Dans les premières heures lundi, en Asie, la livre turque a chuté à un niveau plus bas historique, franchissant pour la première fois la barre des 7 livres contre un billet vert, avant d’effacer une partie de ses pertes dans la foulée de l’annonce de la banque centrale. Elle s’échangeait à 6,65 pour un dollar en début de matinée.

La banque centrale turque a révisé les taux de réserves obligatoires pour les banques, dans le but d’éviter tout problème de liquidité, et indiqué qu’environ 10 milliards de livres, 6 milliards de dollars et l’équivalent de 3 milliards en or de liquidités seraient fournis au système financier.

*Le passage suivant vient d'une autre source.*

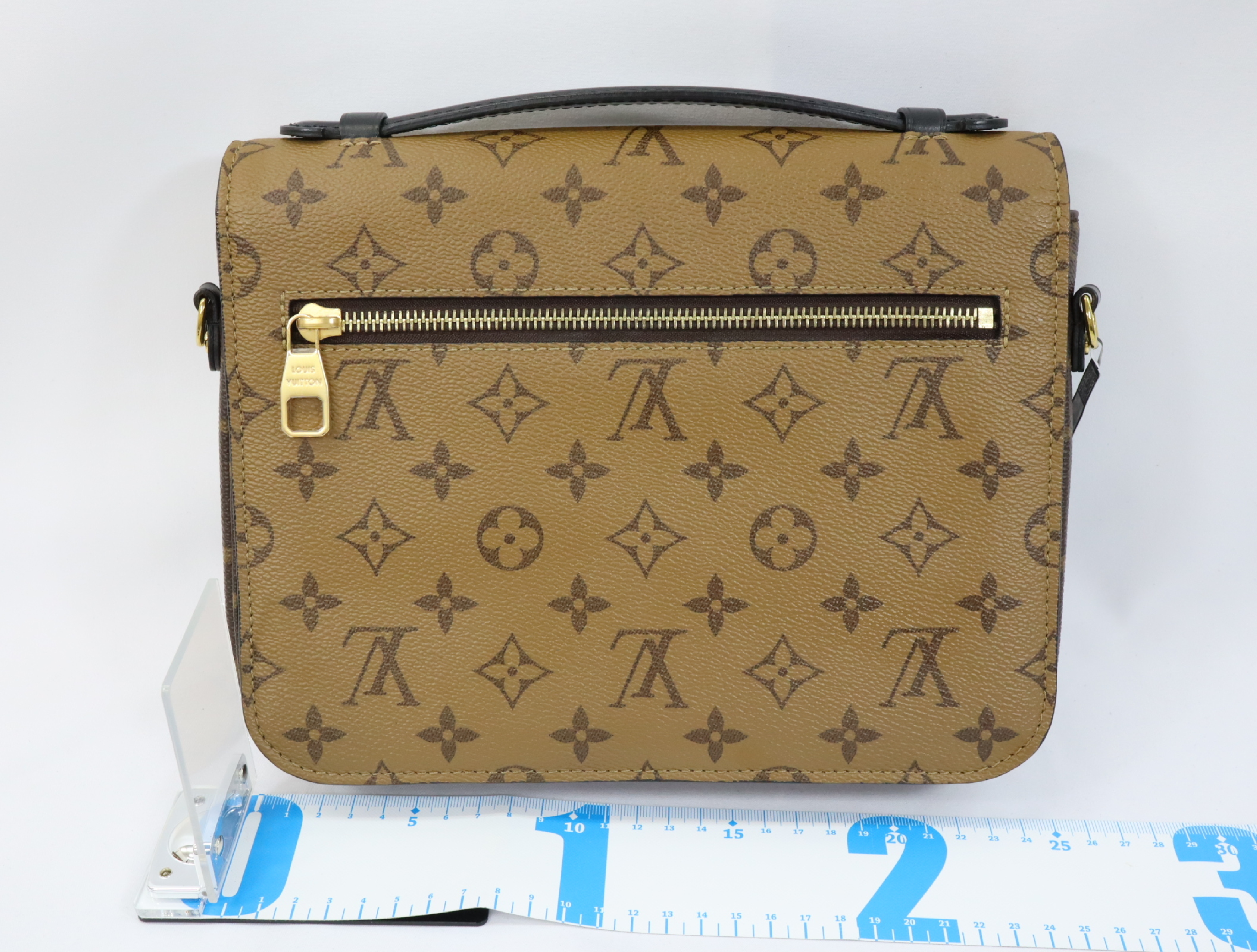 Monogram Reverse Pochette Metis MM M44876 Shoulder Bag (RFID detected) — view 2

Le président Erdogan a multiplié les coups de menton en direction de Washington, mettant la crise monétaire sur le compte d’un « complot politique » américain et affirmant qu’Ankara chercherait « de nouveaux marchés et alliés ».

Déclarations chocs, sanctions, menaces de représailles, puis doublement des tarifs douaniers américains sur l’acier et l’aluminium turcs : les tensions entre les deux alliés au sein de l’Otan sont allées crescendo ces derniers jours, emportant la livre turque. Au cœur de cette bataille : le sort du pasteur américain Andrew Brunson, actuellement jugé en Turquie pour « terrorisme » et « espionnage », placé à la fin juillet en résidence surveillée après un an et demi de détention. « Nous affrontons de nouveau un complot politique en sous-main. Avec l’aide de Dieu, nous surmonterons cela », a lancé dimanche le chef de l’Etat turc.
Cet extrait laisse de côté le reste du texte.